Affiliations of authors: S. J. Done, M. Redston (Department of Laboratory Medicine and Pathobiology and Samuel Lunenfeld Research Institute), S. Eskandarian (Samuel Lunenfeld Research Institute), S. Bull (Department of Public Health Sciences and Samuel Lunenfeld Research Institute), I. L. Andrulis (Departments of Molecular and Medical Genetics and Laboratory Medicine and Pathobiology and Samuel Lunenfeld Research Institute), Mount Sinai Hospital, Toronto, ON, Canada.

Correspondence to: Irene L. Andrulis, Ph.D., Samuel Lunenfeld Research Institute, Rm. 984, Mount Sinai Hospital, 600 University Ave., Toronto, ON, Canada, M5G 1X5 (e-mail: andrulis{at}mshri.on.ca).
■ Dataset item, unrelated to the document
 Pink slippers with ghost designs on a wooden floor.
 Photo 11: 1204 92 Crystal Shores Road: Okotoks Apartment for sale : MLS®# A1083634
Background: To understand the role of sporadic mutations in the tumor suppressor gene p53 (also known as TP53) in the pathogenesis of breast cancer, it is important to identify at which histologic stage such mutations first occur. We previously showed that a p53 mutation present in invasive breast cancer was found in all surrounding areas of ductal carcinoma in situ (DCIS) but not in areas of hyperplasia or normal breast epithelium. In the present investigation, we studied patients with DCIS, but without invasive breast cancer, to determine the spectrum of DCIS types that can harbor a p53 mutation. Methods: Formalin-fixed, paraffin-embedded tissues from 94 patients with DCIS were evaluated histologically for the predominant cellular architectural pattern, degree of necrosis, and nuclear grade. Each specimen was also assigned an overall histologic grade (with the use of the Van Nuys Prognostic Index pathologic classification). Tissue specimens were stained immunohistochemically with an anti-p53 antibody. Positively stained tissue areas were analyzed for the presence of p53 mutations by single-strand conformation polymorphism and direct sequencing. All statistical tests were two-sided. Results: DCIS from 10 of 94 patients were found to contain p53 missense mutations. All 10 were of a solid or a comedo histologic pattern and contained cells of nuclear grade 2 or 3 (i.e., more abnormal nuclei). The frequency of p53 missense mutations was statistically significantly different among the three overall histologic grade categories (zero [0%] of 49 with low-grade DCIS, one [4.35%] of 23 with intermediate-grade DCIS, and nine [40.9%] of 22 with high-grade DCIS; df = 2 and P<.0001). Conclusion: The DCIS types in patients in this series are representative of clinically detected DCIS. Our finding that p53 mutations can occur before the development of invasive breast cancer, particularly in DCIS of high histologic grade, has potentially important implications for prevention and treatment.